Krok czwarty. Przełomowy sezon w historii KTS-u Weszło

Kluczowy moment w historii KTS-u Weszło to październik 2021 roku. To właśnie wtedy klub wyemitował swoje akcje na specjalnej platformie crowdfoundingowej i uzbierał dzięki temu rekordowe 4,5 miliona złotych w zaledwie półtorej godziny.

Tak, prawie 3,5 tysiąca osób postanowiło wykupić akcje KTS-u Weszło i zapewnić sobie realny wpływ na funkcjonowanie klubu.

I w ten sposób zmieniło się niemal wszystko.

JUŻ NIE TOWARZYSKO-SPORTOWY?

Dzięki emisji akcji, KTS naprawdę zyskał aż 3471 nowych współwłaścicieli, przez co trzeba było liczyć się z ich głosem. Od tamtego momentu wiele kluczowych decyzji dla funkcjonowania klubu była konsultowana z akcjonariuszami. Nie można było jednak działać w pośpiechu, bo przecież najpierw należało skupić się na wygraniu ligi okręgowej, co ostatecznie oczywiście się udało. Dopiero wtedy, kiedy już wszystko było mniej więcej jasne, można było wybrać nowy zarząd. Oczywiście – w drodze głosowania. Było to pierwsze tak ważne głosowanie akcjonariuszy w historii klubu.

Reklama

Oczywiste było więc to, że ta jakże istotna zmiana w działalności klubu wpłynie na drużynę. Wiadomo było, że zbliżający się sezon będzie zupełnie inny niż wszystkie poprzednie. Będzie znacznie więcej profesjonalizmu, nie będzie miejsca na amatorkę. Najgorsze w tym wszystkim było to, że w zaistniałej sytuacji ofiarami musieli się stać niektórzy zawodnicy. Wśród nich również tacy, którzy tworzyli ten projekt od początku i byli z nim na dobre i na złe.

Założyciel i nowo wybrany prezes KTS-u Krzysztof Stanowski przyznał, że pożegnanie aż 10 zawodników po sezonie 2021/22 było zdecydowanie jednym z najtrudniejszych zadań, jakie musiał wykonać od momentu powstania klubu. Część piłkarzy domyślała się, że nadchodzą takie decyzje.

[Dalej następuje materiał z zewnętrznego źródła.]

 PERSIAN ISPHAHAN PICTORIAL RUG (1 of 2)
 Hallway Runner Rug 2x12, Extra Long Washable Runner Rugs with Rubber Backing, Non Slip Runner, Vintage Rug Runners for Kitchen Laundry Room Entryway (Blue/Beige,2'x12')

Część się z nimi pogodziła, druga część nie, ale obyło się raczej bez jakiej większej urazy. Nieprzyjemne wiadomości zostały przekazane na specjalnym spotkaniu drużynowym. Takie chwile nigdy przyjemne nie są, ale niestety są nieuniknione.

A to przecież nie koniec pożegnań, bo od początku wiadomo było, że z uwagi na zaplanowane transfery, zespół będzie musiało opuścić jeszcze kilku zawodników. To jednak miało już zostać zaplanowane z nowym dyrektorem sportowym i nowym trenerem, którzy zostali wybrani – a jakże – w drodze głosowania. W nowej erze KTS-u nie ma miejsca na fuszerkę i półśrodki, więc wybory na to pierwsze stanowisko poprzedziła nawet specjalna debata poprowadzona przez samego Stanowskiego na kanale WeszloTV. Zmierzyli się w niej dwaj kandydaci, którzy uzyskali najlepszy wynik w pierwszej turze – były piłkarz KTS-u Grzegorz Zaleski i Jakub Chodorowski – bardzo poważna persona – były szef skautingu Zagłębia Lubin i były pełnomocnik zarządu ds. sportu w Wiśle Kraków.

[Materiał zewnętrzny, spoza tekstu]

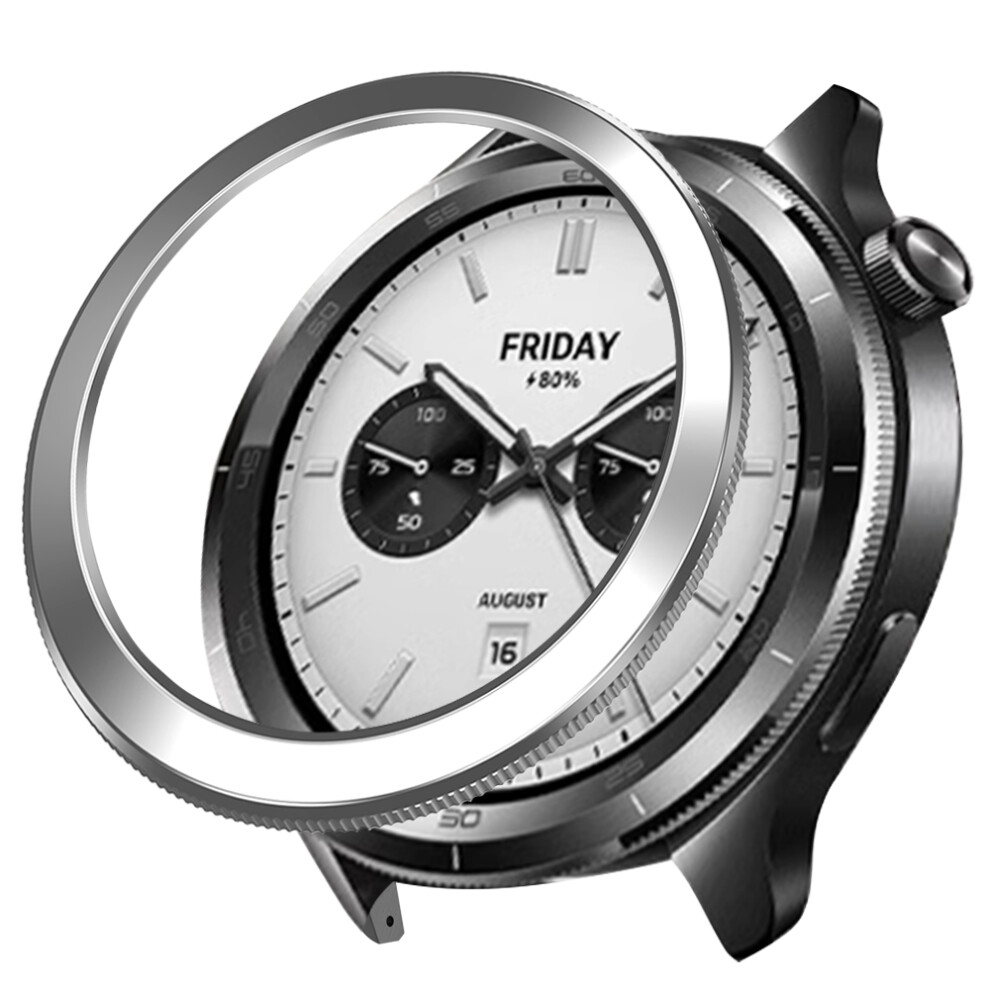 (Silver) For Xiaomi Watch S4 S3 Pc Watch Bezel Slim Design Smartwatch Ring Frame Silver 6914286527578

Wygrał ten pierwszy. Wszystko zostało w rodzinie.

Reklama

NOWY DOWÓDCA I NOWI ŻOŁNIERZE

W przypadku trenera sytuacja wyglądała zupełnie inaczej. Oczywiście, nowy szkoleniowiec również został wybrany w drodze głosowania, ale w tym przypadku nie było żadnych debat czy wybierania pomiędzy kandydatami. Nazwisk zgłaszanych przez akcjonariuszy było na tyle dużo, że zarząd musiał zarekomendować jednego i głosujący mogli go jedynie zaakceptować lub odrzucić. Tym kimś był Piotr Kobierecki – były trener Znicza Pruszków i młodzieżowych drużyn Legii Warszawa. Ktoś, kto spokojnie mógł znaleźć zatrudnienie na szczeblu centralnym.

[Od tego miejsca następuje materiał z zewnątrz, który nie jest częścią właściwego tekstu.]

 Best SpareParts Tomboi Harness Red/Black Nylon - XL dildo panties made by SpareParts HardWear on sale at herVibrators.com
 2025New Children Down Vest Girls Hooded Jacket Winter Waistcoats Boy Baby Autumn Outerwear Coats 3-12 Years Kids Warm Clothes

Kandydatura Kobiereckiego została przedstawiona na specjalnej konferencji zarządu, która odbyła się na żywo na kanale WeszłoTV. W ciągu 1,5 godziny, większość członków zarządu (zabrakło Wojciecha Gerbera) przedstawiło się światu, zaprezentowało plany na przyszły sezon, a także przekazało, co udało się już zrobić. Wszystko zostało podane jak na tacy.

Najważniejsze było jednak jeszcze coś innego – na konferencji przedstawiono kandydatów na nowych zawodników i trzeba przyznać, że lista była naprawdę mocna jak na piątoligowy klub. W tamtym momencie można było zdać sobie sprawę, że to już nie są przelewki. Powtarzane jak mantry opowieści o awansach rok po roku zaczęły nabierać na wiarygodności. Jak mogło być inaczej, skoro znaleźli się na niej tacy zawodnicy jak Jakub Kosecki, którego chyba nikomu przedstawiać nie trzeba, Maciej Świdzikowski, który dopiero co zaliczał występy w Ekstraklasie czy też Maciej Machalski, który sezon wcześniej był jedną z najważniejszych postaci drugoligowego Znicza Pruszków. A to oczywiście nie wszyscy, bo poza wspomnianą trójką na liście znalazło się jeszcze czterech innych zawodników z ciekawymi CV – doświadczony Marcin Bochenek, a także młodzi – Mikołaj Neuman, Bartłomiej Urbański i Bartosz Olszewski.

Do tego doszło jeszcze jedno, chyba najmocniejsze nazwisko, ale niestety już tylko do sztabu szkoleniowego – Grzegorz Szamotulski, który miał odpowiadać za szkolenie bramkarzy.

W tej sytuacji głosowanie nie mogło się zakończyć inaczej – wszyscy kandydaci zostali zaakceptowani przez akcjonariuszy, więc mogli od razu przystąpić do pisania pięknej historii.

UCIECZKA Z TEJ LIGI

Po ogłoszeniu transferów zarówno na ławkę trenerską jak i na boisko, nietrudno było się domyślić, że piąta liga nie będzie dla KTS-u Weszło żadnym wyzwaniem. Jakkolwiek byśmy nowoutworzonej piątej ligi nie nazwali i nie zareklamowali, to wciąż są to rozgrywki półamatorskie. A w drużynie Piotra Kobiereckiego amatorów nie było i nie ma. Są za to piłkarze, którzy mają ogromne doświadczenie, nawet na poziomie reprezentacyjnym.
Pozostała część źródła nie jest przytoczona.